With all that response to intervention is asked to do, does it still remain a powerful model for schools to follow?
Yes, said W. David Tilly, a deputy director at the Iowa education department. Tilly was, and remains, one of the biggest supporters of response to intervention, going back to his days as an administrator at Heartland Area Education Agency, which supports 54 Iowa districts.
Studies “point out that the effectiveness of any evidence-based practice varies in relation to the fidelity in which it’s implemented,” Tilly said. “A takeaway from all of that [is that] when it’s implemented well and with fidelity, we have really good data that this works well with lots of kids.”
The challenge for the future, Tilly said, is to make sure that multitiered models work well with all the other reform efforts that schools must juggle.
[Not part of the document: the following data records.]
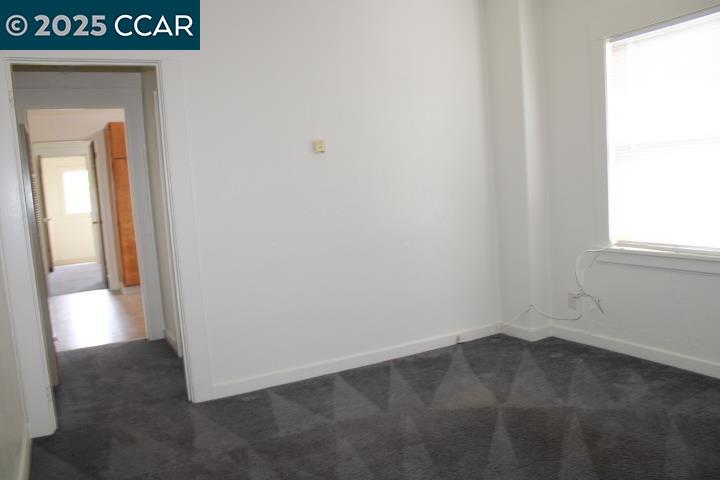 5918 ALAMEDA AVE. # 5918, Richmond, California 94804, 1 Bedroom Bedrooms, 4 Rooms Rooms,1 BathroomBathrooms,Residential Lease,For Rent,5918 ALAMEDA AVE. # 5918,41094377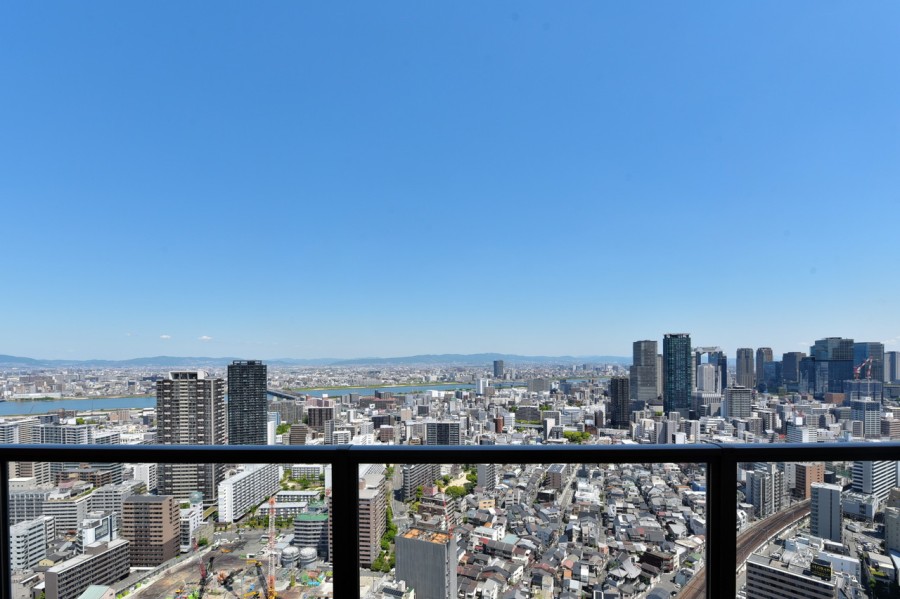 浴室の窓からは淀川の流れと大きな青い空、進化していく大阪の街並みを眺めることができます。夜の景色も美しいので、どの時間帯でも癒しのバスタイムをお過ごしいただけます。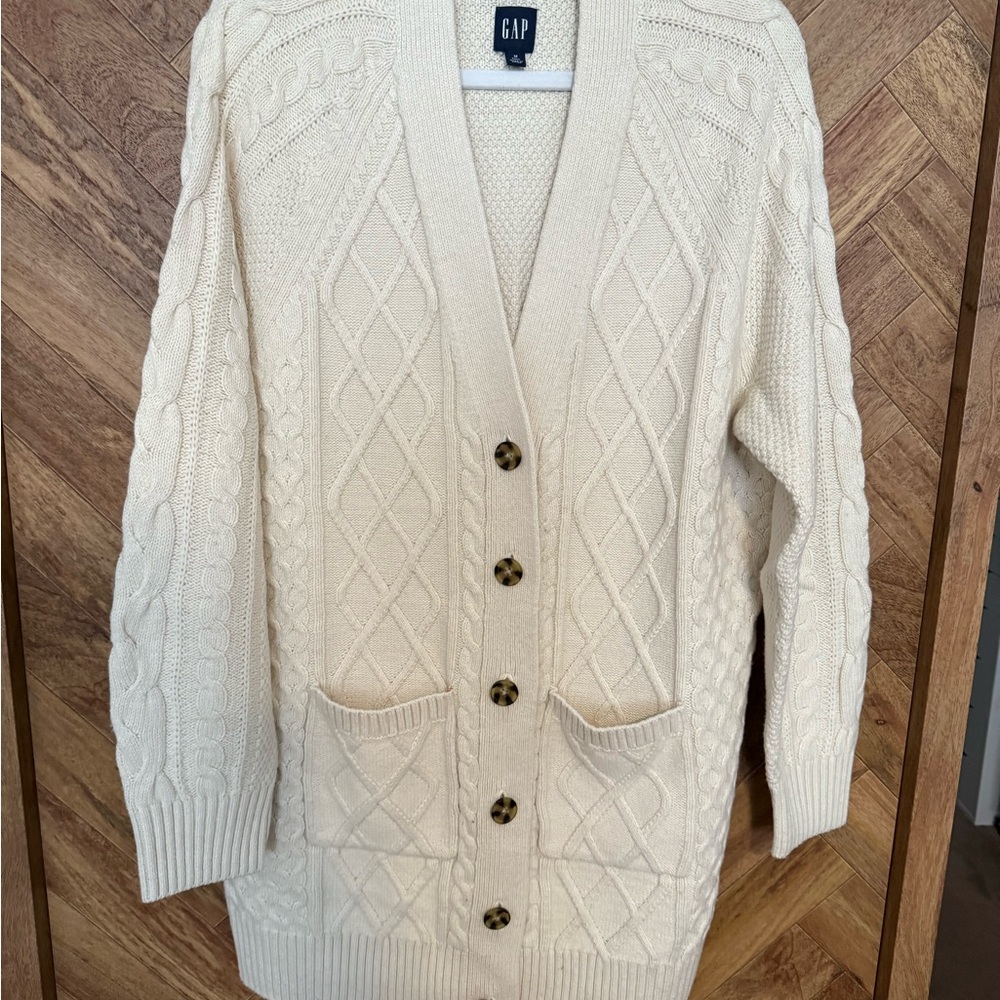 GAP Cream Cable Knit Cardigan Sweater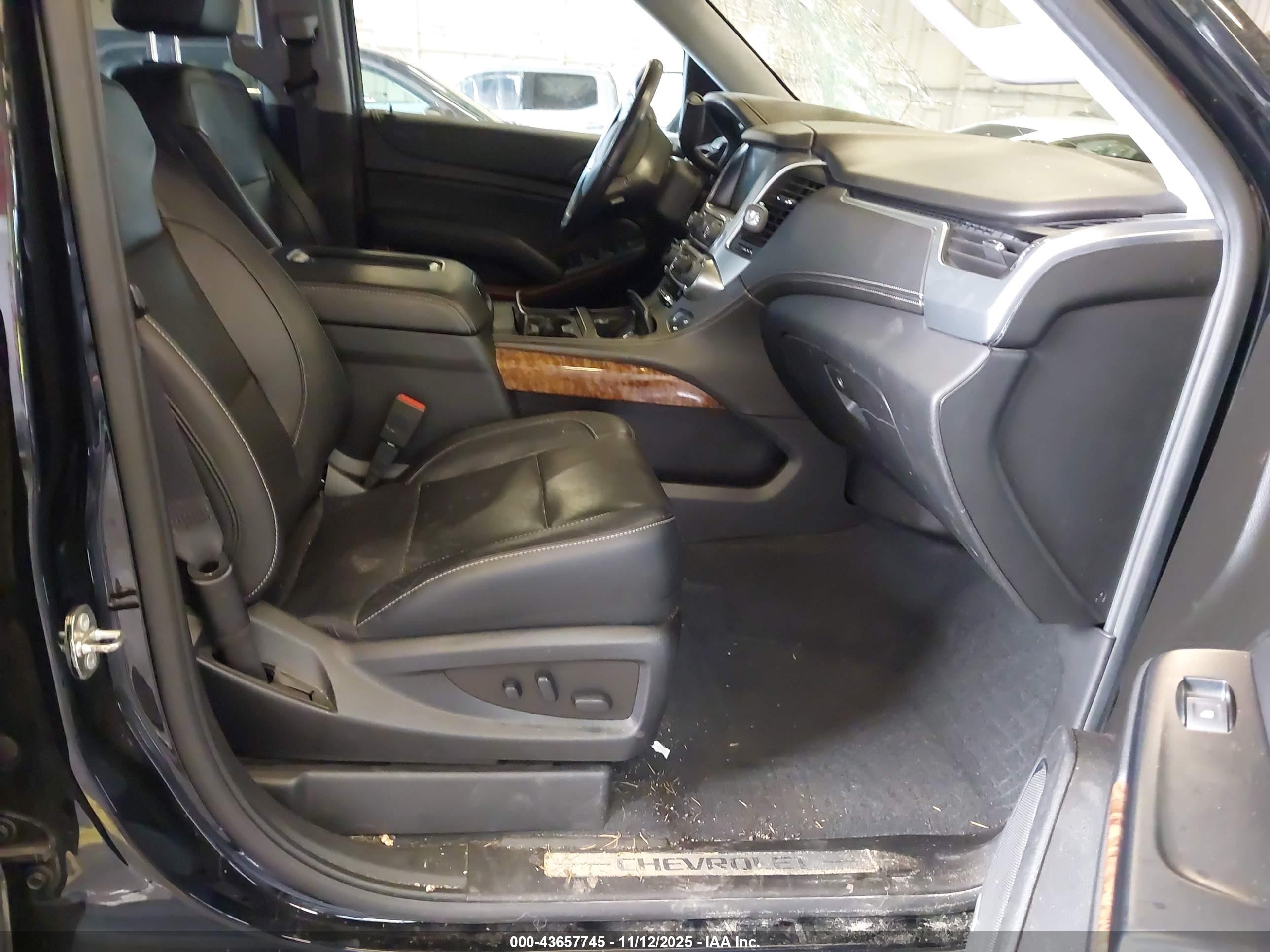 CHEVROLET SUBURBAN image 5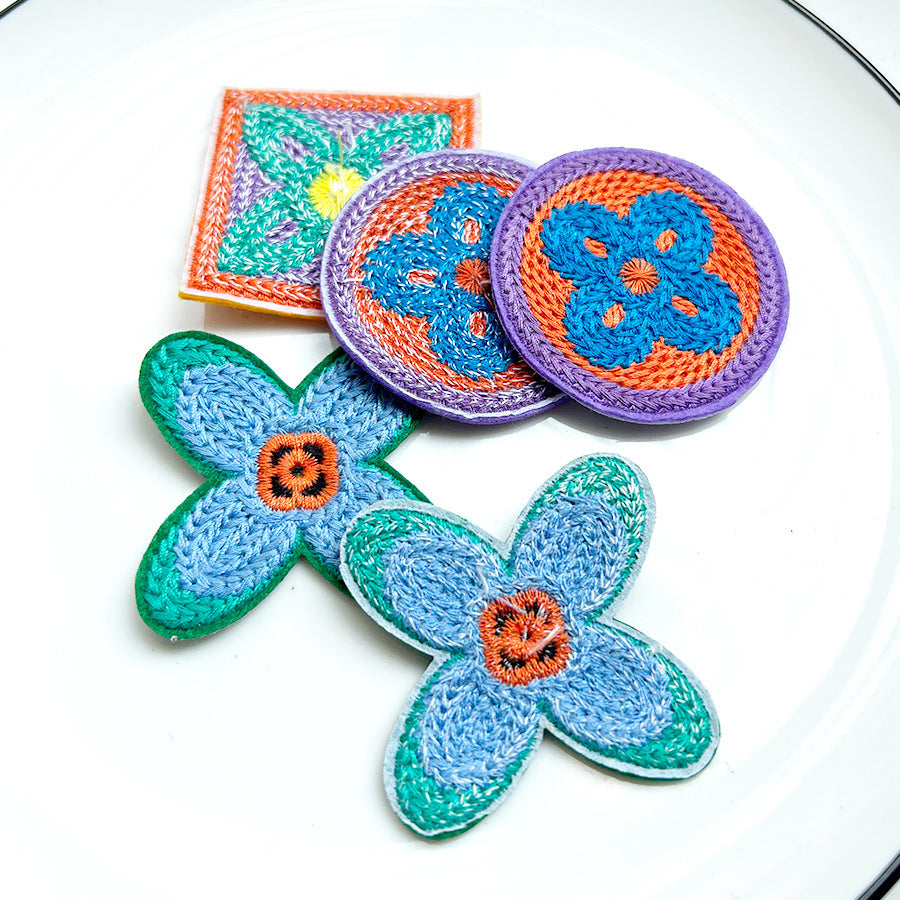 Wholesale Embroidered Floral Felt Applique Patches Decorative DIY Sew On Embellishments For Bags Dresses Towels Crafts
Jose Castillo, who was trained as a school psychologist and is now an official with the Florida Problem Solving/Response to Intervention Project, says that response-to-intervention supporters need to do a better job at helping schools balance all those initiatives. His dream would be that the thinking behind response to intervention—using data to make decisions, bolstering general education while targeting interventions to students in need—would eventually become second nature for schools.
“You would ultimately never hear the term ‘RTI’ or ‘MTSS’ ever again, because it would just be a way of thinking. It would just be a way of helping people get everything they can out of their students,” he said.